What I would expect to see in the MongoDb output is some evidence that the Distinct operation is being translated into a Mongo Distinct collection operation, but I see no evidence to support this. What I see is something like this (for a collection containing 50 documents) - there's no sign of a distinct operation being performed:

query Test_5ipsb2hn.Collection query: { Processing: { $exists: false } } ntoreturn:0 ntoskip:0 nscanned:50 keyUpdates:0 locks(micros) r:419 nreturned:50 reslen:1193 0ms

Can anyone shed any light on whether this is the expected behaviour?


Solution

  • From what I can see by turning profiling on the distinct should be sent to mongo. Below are the 2 traces for distinct queries against a test DB.

    {
            "op" : "command",
            "ns" : "test.$cmd",
            "command" : {
                    "distinct" : "testing",
                    "key" : "Value"
            },
            "ntoreturn" : 1,
            "keyUpdates" : 0,
            "numYield" : 0,
            "lockStats" : {
                    "timeLockedMicros" : {
                            "r" : NumberLong(49),
                            "w" : NumberLong(0)
                    },
                    "timeAcquiringMicros" : {
                            "r" : NumberLong(2),
                            "w" : NumberLong(1)
                    }
            },
            "responseLength" : 209,
            "millis" : 0,
            "ts" : ISODate("2013-06-12T23:53:29.872Z"),
            "client" : "127.0.0.1",
            "allUsers" : [ ],
            "user" : ""
    }
    {
            "op" : "command",
            "ns" : "test.$cmd",
            "command" : {
                    "distinct" : "testing",
                    "key" : "Value",
                    "query" : {
    
                    }
            },
            "ntoreturn" : 1,
            "keyUpdates" : 0,
            "numYield" : 0,
            "lockStats" : {
                    "timeLockedMicros" : {
                            "r" : NumberLong(113),
                            "w" : NumberLong(0)
                    },
                    "timeAcquiringMicros" : {
                            "r" : NumberLong(4),
                            "w" : NumberLong(3)
                    }
            },
            "responseLength" : 209,
            "millis" : 0,
            "ts" : ISODate("2013-06-12T23:53:51.730Z"),
            "client" : "127.0.0.1",
            "allUsers" : [ ],
            "user" : ""
    }
    

    The first query is sent from C# via the linq provider:

    mongoAdapter.Collection<TestClass>().AsQueryable().Select(s => s.Value).Distinct().ToList();
    

    The second is the distinct being executed in the command line.

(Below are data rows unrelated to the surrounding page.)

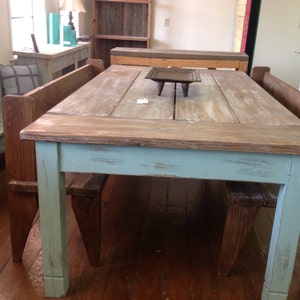 May include: A rustic farmhouse style dining table with a distressed light blue finish. The table has a wooden top and is surrounded by two matching benches.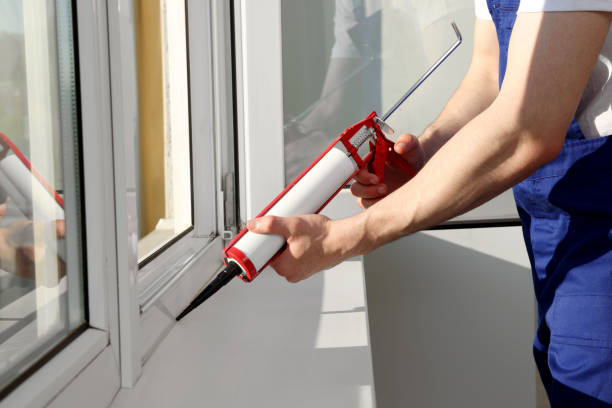 istock Worker sealing plastic window with caulk indoors, closeup. Installation process 1479537901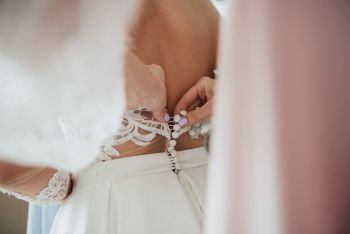 A white wedding dress is knitted to the bride. A bride is being helped to wear the wedding dress. The bride’s preparation for the wedding. Bride white lace wedding dress. Bride help put on the wedding dress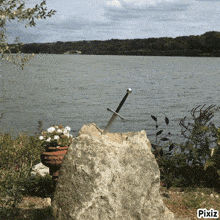 a picture of a sword in a rock by a lake with pixiz written on the bottom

    db.testing.distinct('Value')
    

    Both of the profiling records show the distinct within the command section. The only difference is the second record also shows a query operator, but as this is empty I don't see this effecting the actual distinct query.

    So my short answer is I believe the Linq distinct operation should execute the same query as it would in the shell.

    update

    To pass the linq query through to Mongo you need to make sure the collection is made queryable.

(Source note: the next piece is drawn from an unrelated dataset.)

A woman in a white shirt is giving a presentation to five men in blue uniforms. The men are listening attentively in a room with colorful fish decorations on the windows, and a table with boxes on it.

    So if you update you query from

    collection.Find(query).AsQueryable().Select(x =>x.SequencingId) .Distinct();
    

    to

    collection.AsQueryable().Where({you query here}).Select(x =>x.SequencingId) .Distinct();
    

    The problem is because you are executing the Find on the collection, you are actually performing the distinct in memory once the records have been returned to you as an Enumerable and not as part of a mongo query.